U.S. Immigration & Customs Enforcement
U.S. Immigration and Customs Enforcement (ICE) enforces federal laws governing border control, customs, trade and immigration to promote homeland security and public safety. ICE was created in 2003 through a merger of the investigative and interior enforcement elements of the former U.S. Customs Service and the Immigration and Naturalization Service. ICE now has more than 20,000 employees in more than 400 offices in the United States and 48 foreign countries. The agency has an annual budget of approximately $6 billion, primarily devoted to two operational directorates - Homeland Security Investigations (HSI) and Enforcement and Removal Operations (ERO). A third directorate, Management, and Administration (M and A) are charged with providing professional management and mission support to advance the ICE mission.
U.S. Marshals Service
The U.S. Marshals Service is the nation’s oldest and most versatile federal law enforcement agency. Federal marshals have served the country since 1789, often in unseen but critical ways. The Marshals Service occupies a uniquely central position in the federal justice system. It is the enforcement arm of the federal courts, involved in virtually every federal law enforcement initiative.
The duties of the U.S. Marshals Service include protecting the federal judiciary, apprehending federal fugitives, managing and selling seized assets acquired by criminals through illegal activities, housing and transporting federal prisoners and operating the Witness Security Program. The agency’s headquarters is just across the Potomac River from Washington, D.C.
U.S. Postal Inspection Service
The mission of the U.S. Postal Inspection Service is to support and protect the U.S. Postal Service and its employees, infrastructure, and customers; enforce the laws that defend the nation’s mail system from illegal or dangerous use; and ensure public trust in the mail.
As one of our country’s oldest federal law enforcement agencies, founded by Benjamin Franklin, we have a proud and successful history of fighting criminals who attack the nation’s postal system and misuse it to defraud, endanger, or otherwise threaten the American public. As the federal law enforcement, crime prevention, and security arm of the Postal Service, our goal is to ensure confidence in the U.S. Mail. We work to assure that American businesses can safely dispatch funds, securities, and information through the U.S. Mail; that postal customers can entrust their correspondence to the mail, and those postal employees can work in a safe environment.
U.S. Secret Service
The United States Secret Service is a federal law enforcement agency with headquarters in Washington, D.C, and more than 150 offices throughout the United States and abroad. The Secret Service was established in 1865, solely to suppress the counterfeiting of U.S. currency.
Mission & Vision
Today, the agency is mandated by Congress to carry out dual missions: protection of national and visiting foreign leaders, and criminal investigations.

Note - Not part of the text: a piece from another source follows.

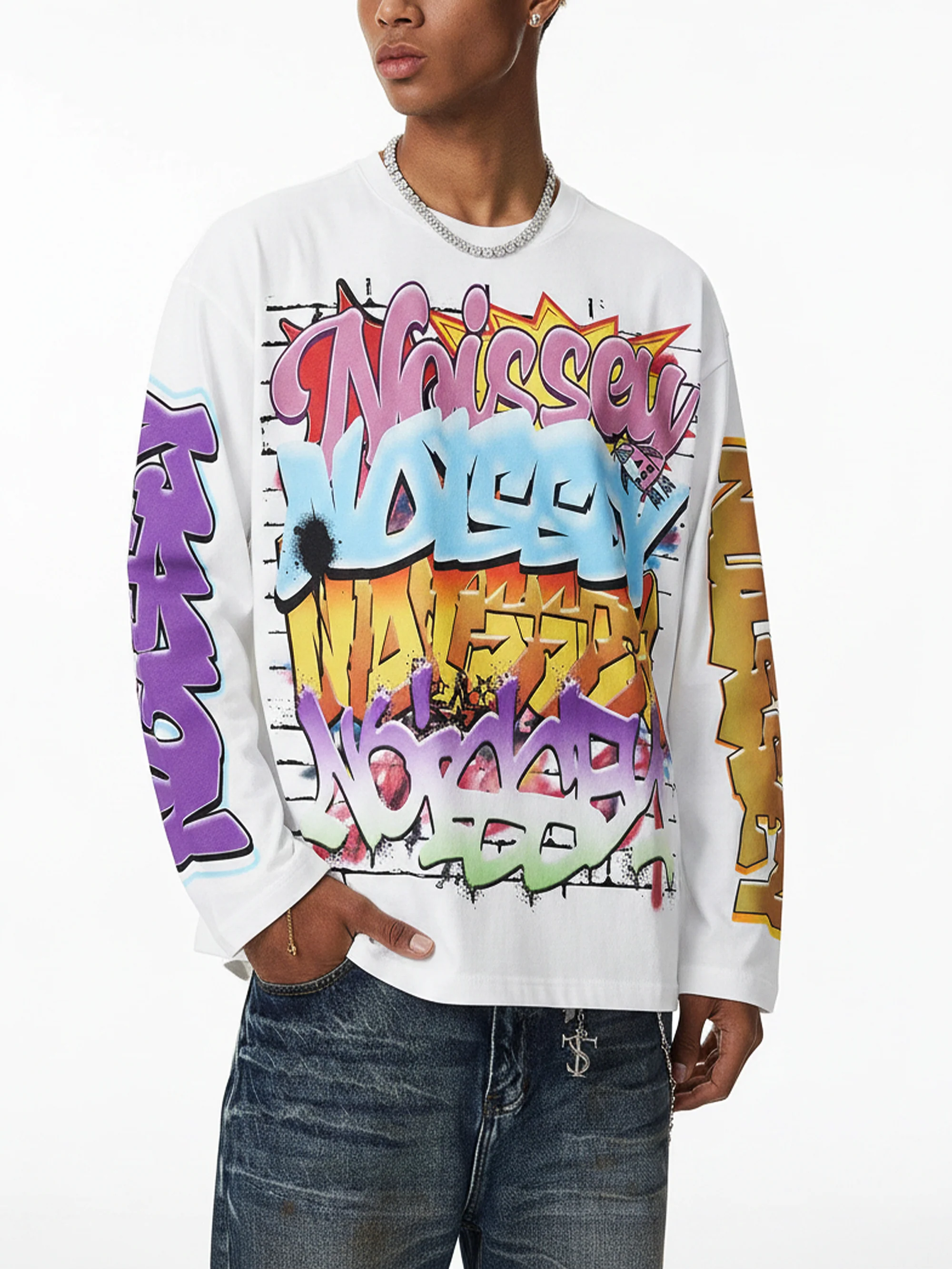 NOISSEY Multilayer Gradient Graffiti Long-Sleeve Tee - Pure White - Image 4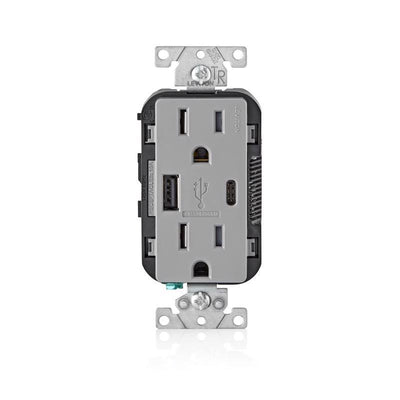 Leviton Decora 15 amps 125 V Type A/C Duplex Gray Outlet and USB Charger 5-15R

The vision of the United States Secret Service is to uphold the tradition of excellence in its investigative and protective mission through a dedicated, highly-trained, diverse, partner-oriented workforce that employs progressive technology and promotes professionalism. The mission of the United States Secret Service is to safeguard the nation’s financial infrastructure and payment systems to preserve the integrity of the economy, and to protect national leaders, visiting heads of state and government, designated sites and National Special Security Events.